The recipe for Crunchy Cheese Biscuits came from the ASDA instore free magazine, December 2009 issue and was suggested they could be give as an edible Christmas gift: a good idea if you have the time! It is recommended that they will keep for two weeks in the fridge, stored in an airtight container, or alternatively frozen for up to six weeks. The recipe is almost identical to the original with very few alterations.
Crunchy Cheese Biscuits
(Number depends on cutter size. I made about 170 – original says 50!)
200g plain flour
¼ level tsp dry mustard powder
¼ level tsp cayenne
150g butter, cut into cubes
75g extra mature Cheddar, grated
25g Parmesan, grated
1 medium egg, separated
Toppings to decorate – Choose from pinches of: poppy seeds, sesame seeds, black onion seeds, cumin seeds, smoked (or ordinary) paprika, finely grated parmesan, fennel seeds – or anything else that you feel might be suitable.

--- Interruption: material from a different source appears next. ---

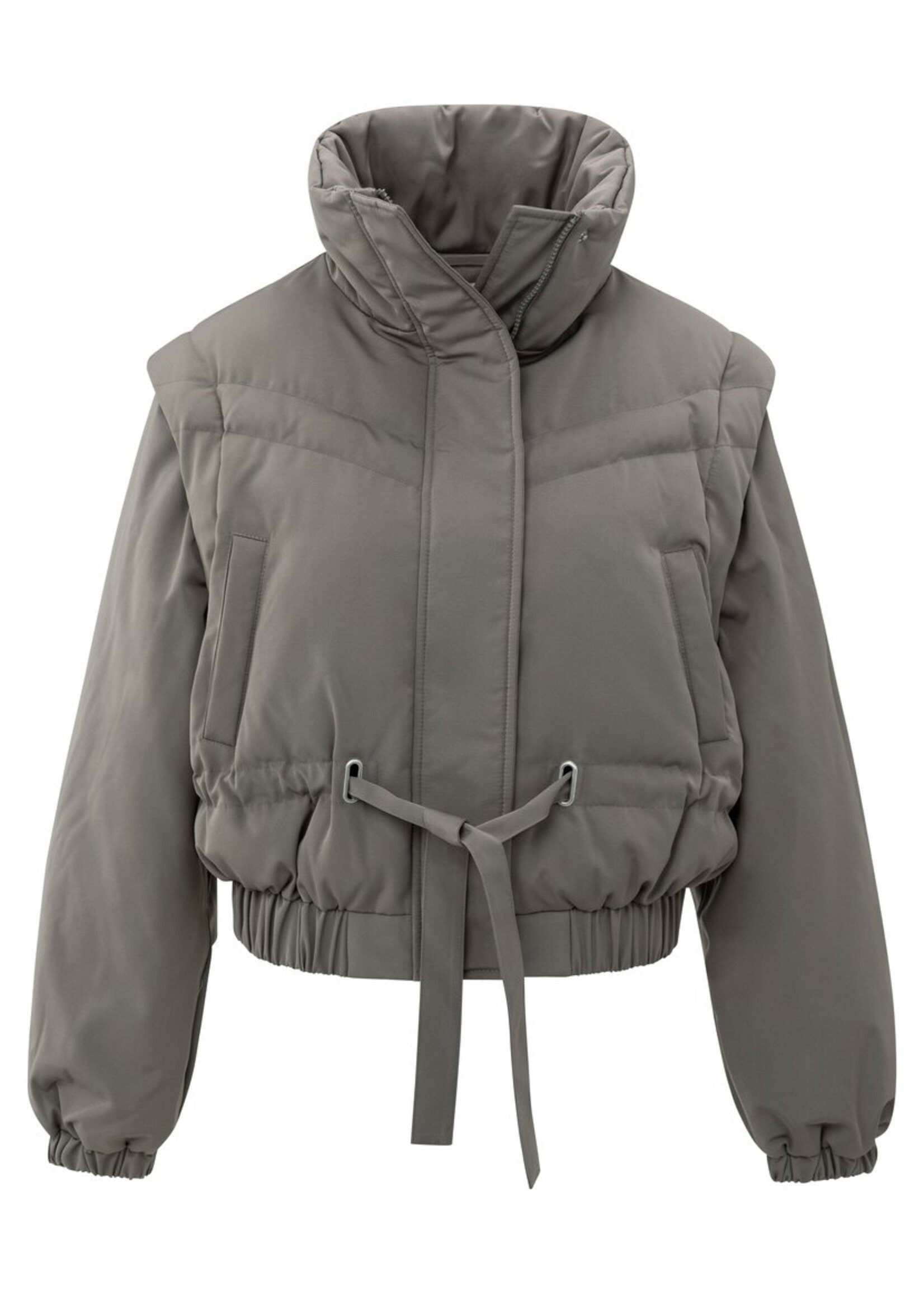 Yaya Yaya, Oversized nylon jas met afritsmouwen, Taupe grey, Size:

1. Grease two or three baking trays or line them with baking paper (the trays may have to be reused).
2. Sift the flour, mustard powder, cayenne and a good pinch of salt into a large bowl.
3. Rub in the butter. Stir in the cheeses. Add the egg yolk and 2tsp cold water. Stir until the mixture starts to clump together and then mix it by hand shaping it into a slab about 2cm thick. Wrap in clingfilm and place in the fridge for at least 30 minutes.
4. Roll out a third of the dough between two sheets of clingfilm until it is 3mm thick (using clingfilm means you do not need flour each time to re-roll the dough. This keeps the biscuits crisp). Remove the top sheet of film and cut the dough into small shapes with a cutter. Place the shapes on a baking tray. Repeat with the rest of the dough. Try to get roughly an equal number of each shape.
5. Preheat the oven to 180oC/160oC Fan/Gas 4. Lightly beat the egg white and brush some on each biscuit. Sprinkle some with the toppings. You may like to leave some plain. (See notes on toppings in the introduction above.) If you have time, re-chill the biscuits in the fridge for 20-30minutes before baking.
6. Bake biscuits for 12-14 minutes, removing them carefully from the baking tray as they are fragile and leave them to cool on a wire rack.
7. If giving as a gift they can be packed into a decorative box with tissue paper and decorated with pretty paper and ribbon. Remember to provide a ‘menu’ (as in a box of chocolates) so the recipient knows which flavour toppings you have used and to give storage instructions if appropriate.